The Press statement by AFRIHEALTH CEO reads in parts: “AHOA is a community-focused civil society organizations global movement and think tank promoting policies, practices, programmes and interventions that enhance productivity, accountability and transparency in Society Welfare, Social Safety nets, Development Work, Sustainable Development and Health. AHOA has a global membership of over 1000 organizations mainly from the global South and promotes the ‘One Health’ paradigm where Health is a state of complete physical, mental and social well-being. AHOA uses partnership/collaboration, advocacy, research and evidence generation, capacity development, outreaches, monitoring and evaluation (M&E) as strategies. AHOA’s interventions are for the benefit of rural and poor urban dwellers, marginalized, vulnerable and disadvantaged populations of women, children, adolescents, persons with disability, persons in conflict-affected areas, the poor, elderly, rural, disadvantaged and vulnerable persons, orphans and the elderly. The AHOA Network Coalition and Think-tank works to explore the nexus between Health – UHC, PHC, Reproductive Health, HIV, AIDS, TB, Malaria, NCDs, NTDs, Vaccines, Immunization and COVID-19; Nutrition and Food Security; Gender, Democracy, Good Governance and Human Rights. AHOA has local Chapters in Nigeria’s 36 States and Abuja. AHOA has a Consultative Status at the United Nations ECOSOC; and an Accredited Observer status at the UNEP/United Nations Environment Assembly (UNEA)”.

“In an analysis of 85 of the CEDAW Committee’s recent Concluding Observations, only an average of 17.73 percent was afforded to violence against women and girls, a small percentage simply because so many other areas of discrimination need attention. A new treaty would be able to devote 100 percent of its focus to violence against women and girls, supporting and complementing the work of CEDAW. The three regional treaties on violence against women — the Belém do Pará Convention in the Americas, Africa’s Maputo Protocol, and the Istanbul Convention in Europe — have been essential in moving toward a more comprehensive and coordinated framework, but they are limited by geography, covering only about 25 percent of the world’s women. That leaves nearly 75 percent of women, the majority of whom are women of color, without protection from a treaty specific to eradicating violence against women and girls”.

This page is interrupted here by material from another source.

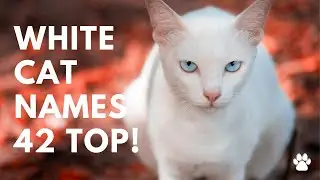 🐱 White Cat Names 42 🔝TOP Ideas | Names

“Dr Uzodinma Adirieje is an independent Projects and Evaluations, Research and Data Consultant, Writer/Columnist, civil society leader/activist; with an eloquent passion for development and humanitarian interventions/initiatives. He heads a firm of Consultants for conferences/Seminars, Training and Facilitation, and Projects Management with proven competencies in drafting/preparing documents, concept papers/notes, policies, programmes, communique, reports, etc. His latest engagements were as the Technical Consultant for Nigeria’s 63rd National Council on Health (5-9 Dec. 2022), and Lead Rapporteur and Communique Consultant for the 7th National Family Planning Conference (12-16 Dec. 2022)”.

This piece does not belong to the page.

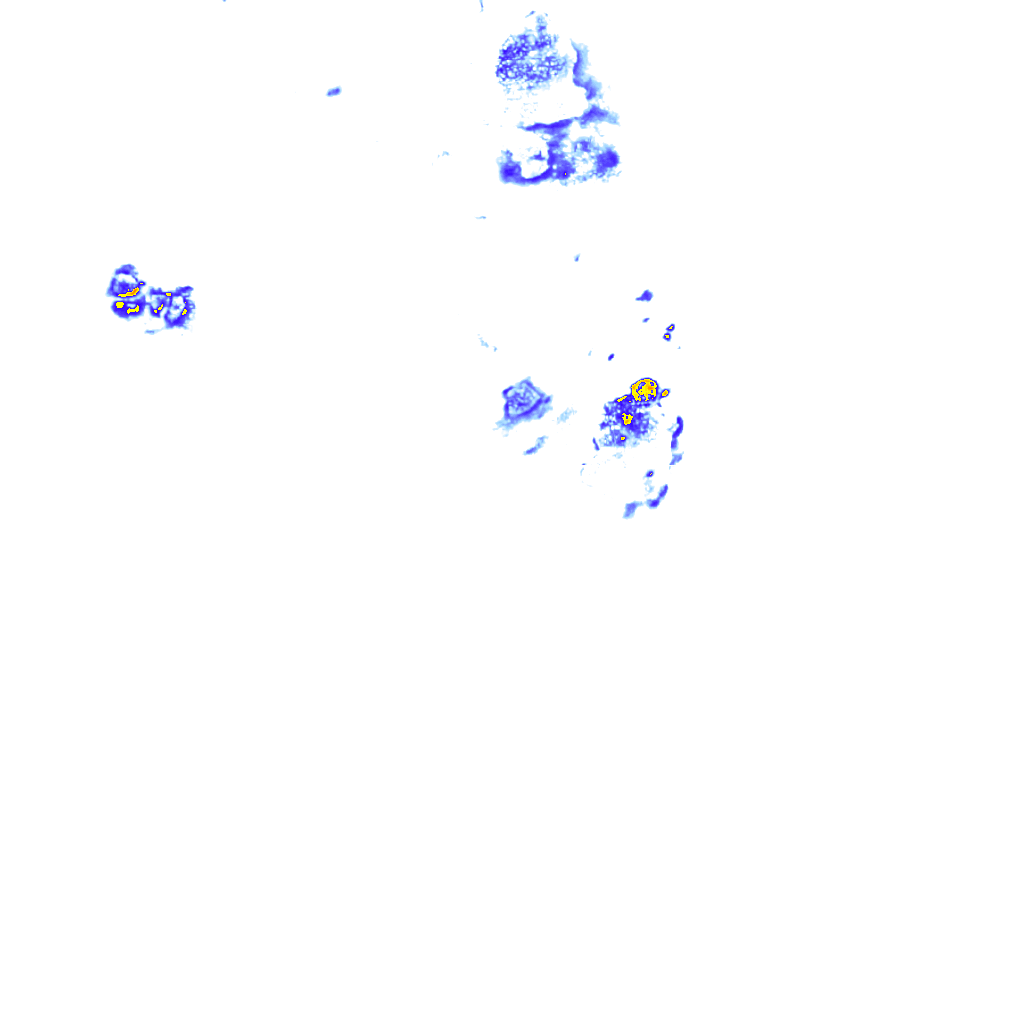 rainLayer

The statement further emphasized that, “A new treaty would consolidate definitions and best practices from various instruments into one comprehensive mechanism, codifying standards into clear, actionable, and measurable steps for women’s protection and security. A treaty would ensure that all acts of violence against women and girls are understood as a violation of women’s human rights. It would also work to establish stronger global norms and expectations on the issue, and improve the quality and consistency of laws on violence against women and girls globally. Women and girls cannot wait. In the face of rising violence, the lack of a binding global instrument leaves the lives of women and girls in peril. As Her Excellency Shara Duncan Villalobos, UN Ambassador, Costa Rica, says, it’s time “to take on the challenge not only for women and girls but for the whole of society”.